U.S. Treasury yields edged higher on Monday, with the policy-driven two-year rate hitting a near 15-year high, a day ahead of a much-anticipated August inflation reading.
What is happening
2-year Treasury bond yield
rose to 3.571% from 3.569% at 3:00 PM ET on Friday. The 2-year yield was the highest since Nov. 7, 2007, based on the 3 p.m. yield, according to Dow Jones Market Data. Yields move in the opposite direction to prices.
The 10-year Treasury yield
rose to 3.361% from 3.321% on Friday afternoon and the highest since June 15.

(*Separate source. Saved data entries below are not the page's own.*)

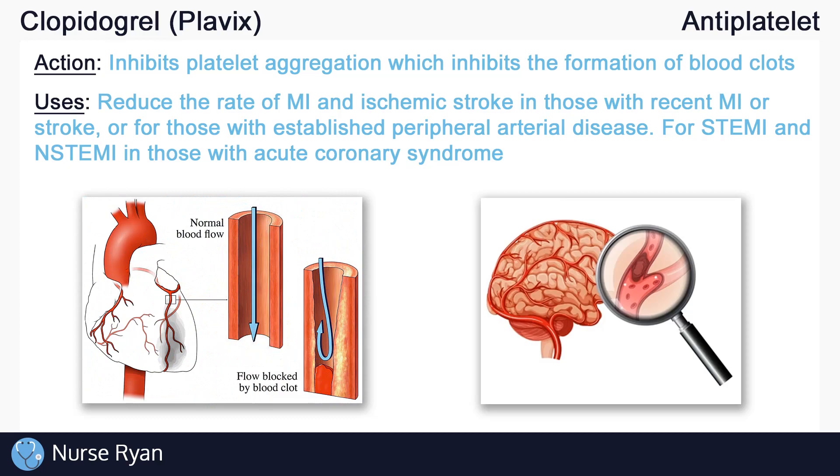In patients with acute coronary syndrome, clopidogrel can be used for those with ST elevation myocardial infarction, or STEMI, and for non-ST elevation myocardial infarction, or NSTEMI, to reduce the rate of MI.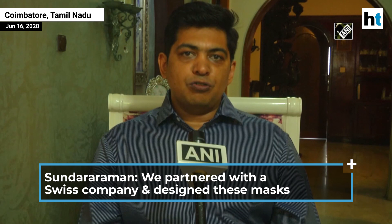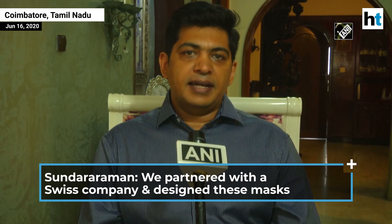Shivatex partnered with different companies, but most notably in this case we used the technology from a Swiss company called Haik Solutions. They used particularly their technology called ViroBlock, which is a treatment that is made on fabric that makes the fabric antiviral.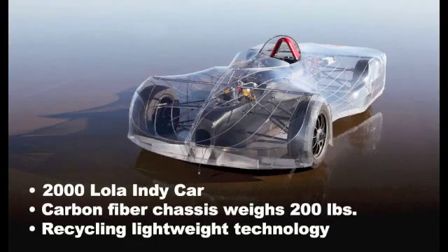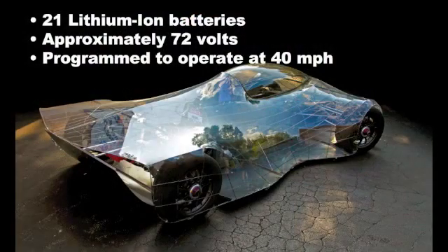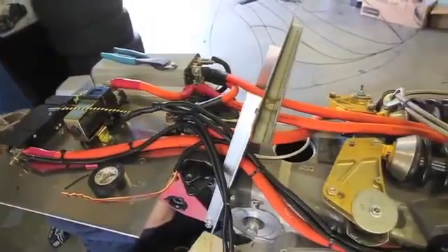These elements play a major role in allowing us to reach our goal of 900 pounds for the entire finished car. The car is powered by 21 lithium-ion batteries from China, approximately 72 volts with cells wired in series. Batteries are located where the 42 gallons of fuel once occupied the compartment in the tub behind the driver.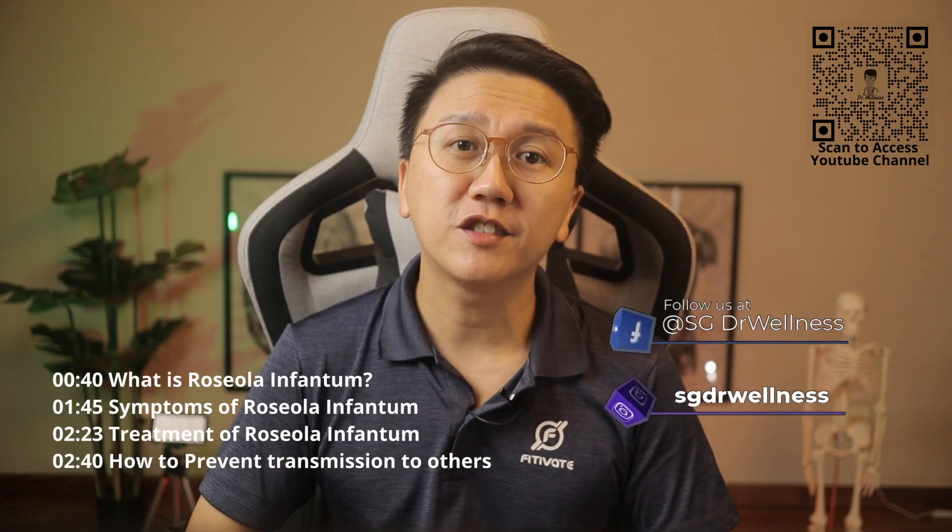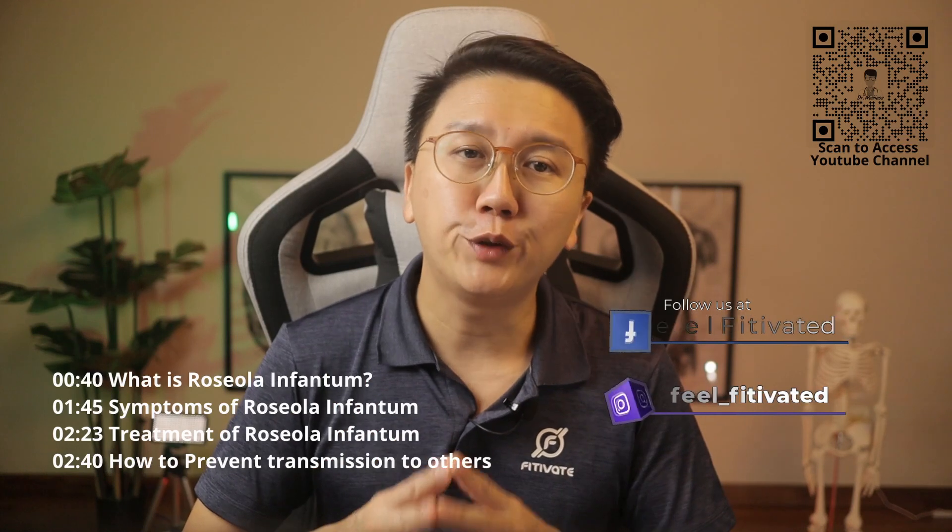Hi everyone, welcome back to SG Doctor Wellness. My name is Dr Chen Yiming. After speaking about hand, foot and mouth disease as well as chicken pox, we now turn our attention to another very common viral infection in infants and toddlers.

The yield on 30-year Treasury bonds
was 3.513% against 3.456% on Friday evening, reaching its highest level since April 21, 2014.
The 10-year to 2-year spread of minus 23 basis points means that yields remain inverted, signaling an impending economic downturn.
What drives the markets
U.S. government bond yields initially fell but then rose ahead of Tuesday’s key consumer price data, which is likely to confirm that the Federal Reserve may make another aggressive rate hike when policymakers meet next week.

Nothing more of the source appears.